What did you do?
I changed this:
bitplane_memory_data_to_pixel_colour get_pixel_colour_1 (
.ram_data_rdy ( rd_data_rdy_a ), // use immediate values when HIGH, latched values when LOW
.latched_word ( rd_data_cache[15:0] ), // 16-bit word from the catch
.latched_colour ( rd_cache_col[7:0] ), // 8-bit cached colour value
.latched_bpp ( rd_cache_bpp[3:0] ), // cached bits-per-pixel value
.latched_target ( rd_cache_bit[3:0] ), // cached target word/byte/nybble/crumb/bit
.immediate_word ( rd_data_in[15:0] ), // 16-bit word from GPU RAM
.immediate_colour ( colour[7:0] ), // current colour value
.immediate_bpp ( bpp[3:0] ), // current bits-per-pixel value
.immediate_target ( target[3:0] ), // current target word/byte/nybble/crumb/bit
.pixel_colour ( PX_COPY_COLOUR ) // current pixel colour value from above parameters
);
... to this:
bitplane_memory_data_to_pixel_colour get_pixel_colour_1 (
.ram_data_rdy ( rd_data_rdy_a ), // use immediate values when HIGH, latched values when LOW
.latched_word ( rd_data_cache[15:0] ), // 16-bit word from the catch
.latched_colour ( rd_cache_col[7:0] ), // 8-bit cached colour value
.latched_bpp ( rd_cache_bpp[3:0] ), // cached bits-per-pixel value
.latched_target ( rd_cache_bit[3:0] ), // cached target word/byte/nybble/crumb/bit
.immediate_word ( rd_data_in[15:0] ), // 16-bit word from GPU RAM
.immediate_colour ( rd_cache_col[7:0] ), // current colour value
.immediate_bpp ( rd_cache_bpp[3:0] ), // current bits-per-pixel value
.immediate_target ( rd_cache_bit[3:0] ), // current target word/byte/nybble/crumb/bit
.pixel_colour ( PX_COPY_COLOUR ) // current pixel colour value from above parameters
);
... for the reasons outlined in my post. I haven't had a lot of time this weekend to spend on this and I feel like I've been fumbling for solutions and going round in circles, wasting time.

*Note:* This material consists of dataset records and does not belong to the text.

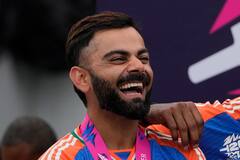 Rohit Sharma :  रोहित शर्माला तेव्हा दक्षिण आफ्रिकेत 'चक्कर'येऊ शकते, भारताच्या माजी खेळाडूचा गंभीरच्या 'त्या' भूमिकेवर सवाल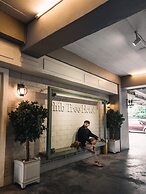 Club Tree Hotel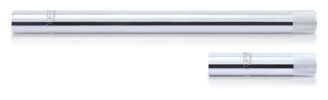 Mynd af Kertatoppur 14mm 3/8"dr.
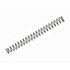 SIG SAUER 1540209-R Short Recoil Spring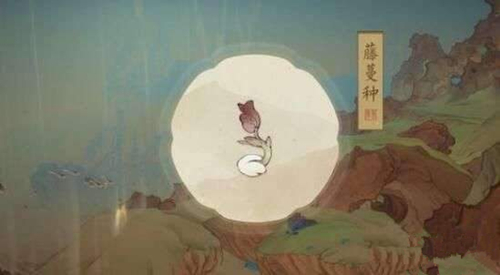 ǧɽȺô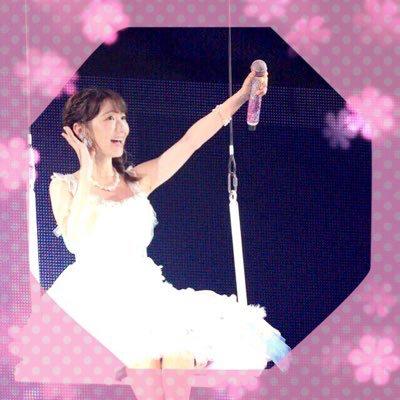 さ つ き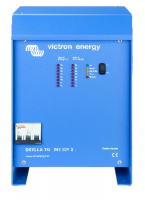 Victron Skylla-TG 24/30 GMDSS ohne Panel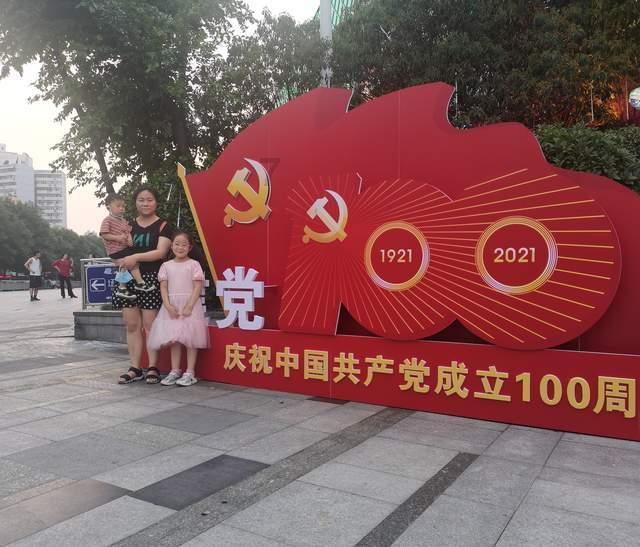 大豆蛋白的作用有哪些?-权威问答平台,解答您的疑惑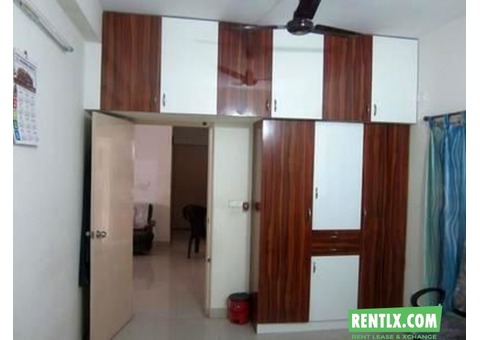 3bhk flat for rent in Valasaravakkam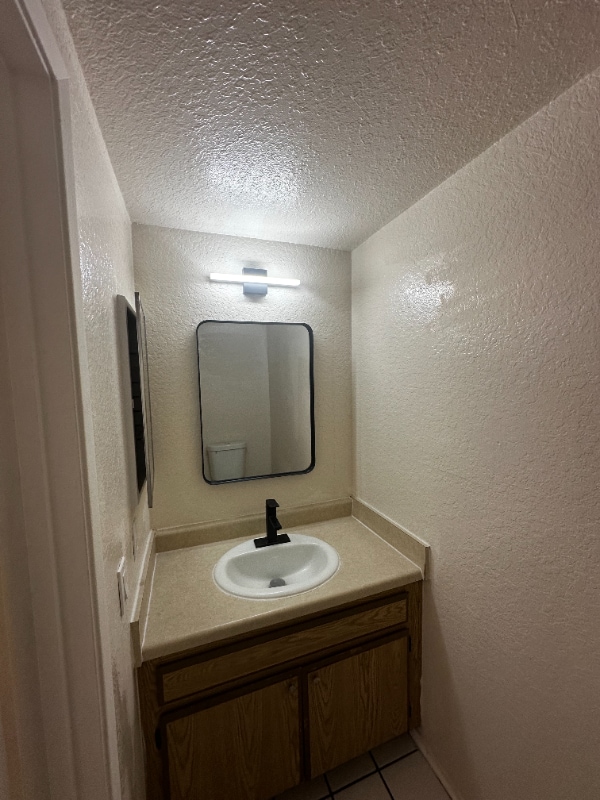 Photo - 28985 Calle Del Lago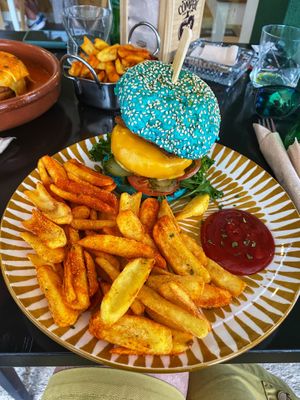   at Guará in Vila Nova De Gaia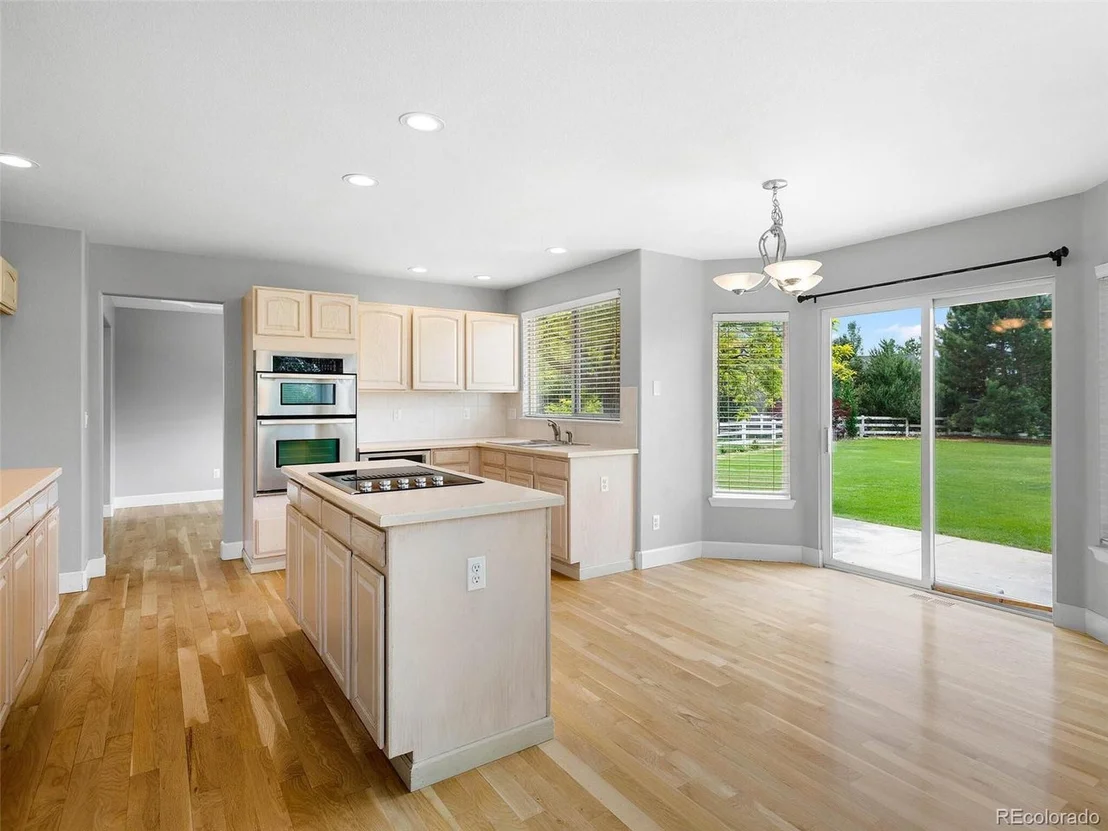 Photo of 14517 Jason Dr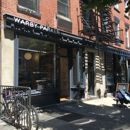 Warby Parker Bergen St. - Eyeglasses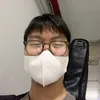 bigdogasshole
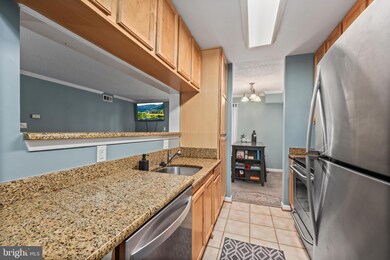 15550 Horseshoe Ln, Woodbridge, VA 22191 - photo 2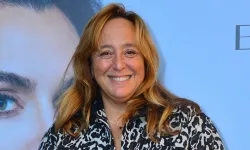 Menajer Ayşe Barım için istenen ceza belli oldu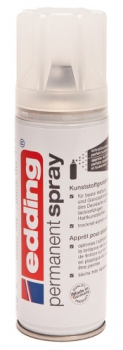 Kunststoffgrundierung 200ml (g.P. 1L= 54,50€)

Your simulation is still wrong.
It doesn't look anything like mine.
Yep, I realise that now that I've compared the two. Back when I ran the simulation earlier today I saw the delay had gone and thought, "Eureka!" Clearly it was premature and I should have waited to check the results in more detail, but I didn't have time.
Why did you change these? These were correct originally:
.latched_word ( rd_data_cache[15:0] ), // 16-bit word from the catch
.latched_colour ( rd_cache_col[7:0] ), // 8-bit cached colour value
.latched_bpp ( rd_cache_bpp[3:0] ), // cached bits-per-pixel value
.latched_target ( rd_cache_bit[3:0] ), // cached target word/byte/nybble/crumb/bit
.immediate_word ( rd_data_in[15:0] ), // 16-bit word from GPU RAM
.immediate_colour ( rd_cache_col[7:0] ), // current colour value
.immediate_bpp ( rd_cache_bpp[3:0] ), // current bits-per-pixel value
.immediate_target ( rd_cache_bit[3:0] ), // current target word/byte/nybble/crumb/bit
You just made things 10x worse for you.
I think I explained "why" pretty well in my previous post?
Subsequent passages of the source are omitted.